Relance brutale du malaise

Un malaise soudainement relancé avec la mort d’Oumar Diop. Tous ceux qui furent présents au petit matin du29 Mai à la morgue de l’hôpital national ont dû brutalement prendre conscience du peu d’indignation que ce décès provoquait. Avec tout d’abord la trop longue attente des parents de la victime avant l’arrivée du médecin légiste puis du procureur. Vers dix heures, quelques membres d’organisations de défense des droits de l’Homme venaient à leur tour présenter leurs condoléances à la famille et s’enquérir de l’autopsie que celle-ci réclamait, suivis par divers acteurs politiques, présidents de parti et députés.

Pendant cette longue attente, les jeunes frères, cousins et amis invectivaient les policiers et leurs chefs. Une bagarre a même éclaté entre ceux-ci et les jeunes qui les connaissaient bien. Un des agents de police a été malmené pour avoir proféré, nous a-t-on dit, des propos insultants envers les jeunes, sans mesurer le ras-le-bol qu’exprimaient ceux-ci. Une exaspération entretenue dans la réalité quotidienne des quartiers populaires où les rafles nocturnes parfois injustifiées se multiplient. Ce manque de discernement des forces de l’ordre est d’ailleurs fustigé par plusieurs associations de défense de des droits de l’Homme et autres plus ou moins honorés citoyens.

C’est le cas du député maître El Id Mohamed M’Bareck, de la présidente de l’Association Mauritanienne des Droits de l’Homme (AMDH), l’avocate Fatimata M’Baye, d’Ibrahima Moctar Sarr, président de l’AJD/MR, du professeur Lô Goumo, vice-président de l’UFP, du député Mohamed Lemine Sidi Mouloud et d’Aminetou mint Moctar, présidente de l’AFCF. Tous ont dénoncé et condamné les exactions policières, les discriminations et la stigmatisation dont certains jeunes de la banlieue sont victimes. « Il faut y mettre un terme », exigent-ils tous auprès des autorités.

 

Huile sur le feu

Mais pendant les familles endeuillées et leurs soutiens se battent pour réclamer des enquêtes équitables et la justice – ce que les autorités ont d’ailleurs promis – des extrémistes, pour ne pas dire pyromanes, jettent de l’huile sur le feu. Postés sur les réseaux sociaux, des audios sortis d’on ne sait où peignent le jeune Diop sous les traits d’un dealer et d’un criminel. Des allégations fermement battues en brèche par la famille et ses proches. Mais, comment, se demande-t-on, des gens ordinaires peuvent se procurer de tels documents fallacieux ?

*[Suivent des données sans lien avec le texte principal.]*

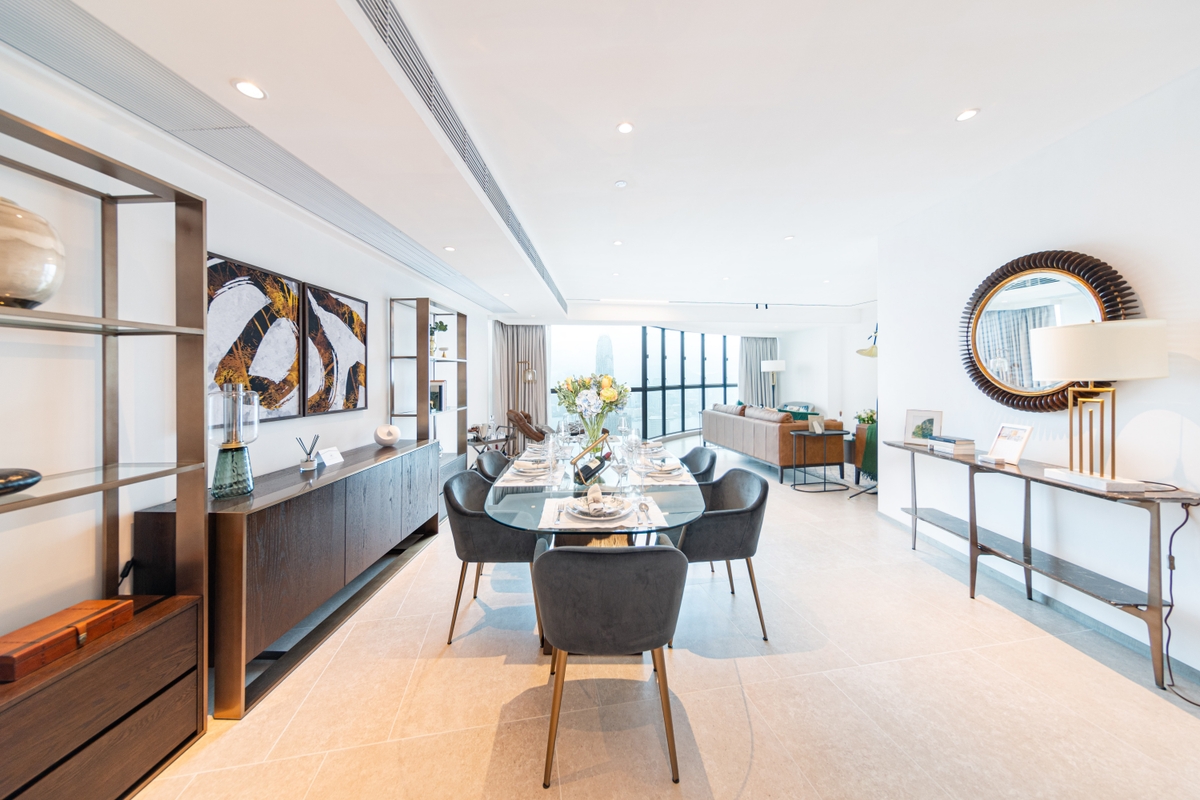 Dynasty Court 帝景園 | Living and Dining Room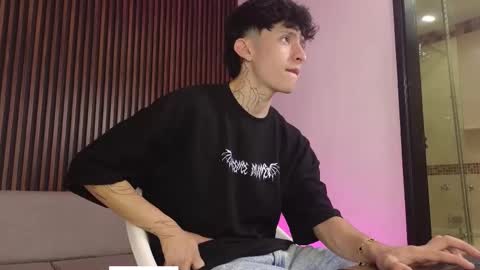 Snapshot of troy_rouge chatting on 09/20/25, 07:15 Troy online show from 09/20/25, 07:15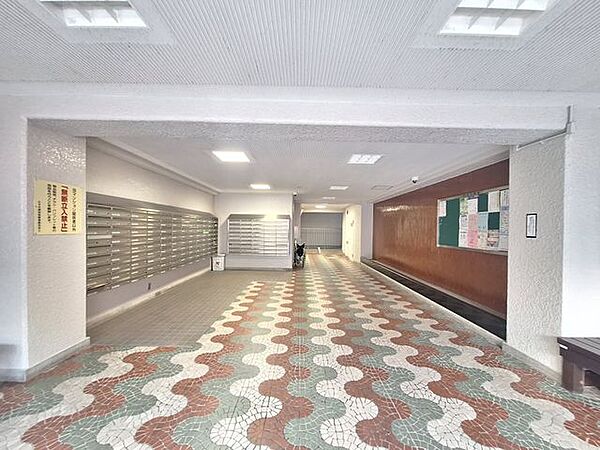 幾何学模様の絨毯が印象的なロビーは、モダンな美術館を訪れたような知的な雰囲気を醸し出しています。清掃が行き届いた清潔感のある空間が、管理体制の良さと住まいへのこだわりを感じさせます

Plus grave, un nouvel élu de l’INSAF s’est fendu d’un post appelant les autorités à fermer les frontières Sud pour stopper « l’invasion d’étrangers » ; un autre excité affirmait que tous les manifestants des quartiers populaires de Nouakchott – en particulier à Sebkha où demeurait le jeune Diop – étaient des maliens et que si la Mauritanie n’y prend pas garde, elle serait bientôt annexée par son voisin. Des propos gravissimes et irresponsables de la part de citoyens qui s’entêtent, comme le déplore le président de l’AJD/MR, à toujours indexer la « main de l’étranger » à chaque fois que des noirs mauritaniens manifestent.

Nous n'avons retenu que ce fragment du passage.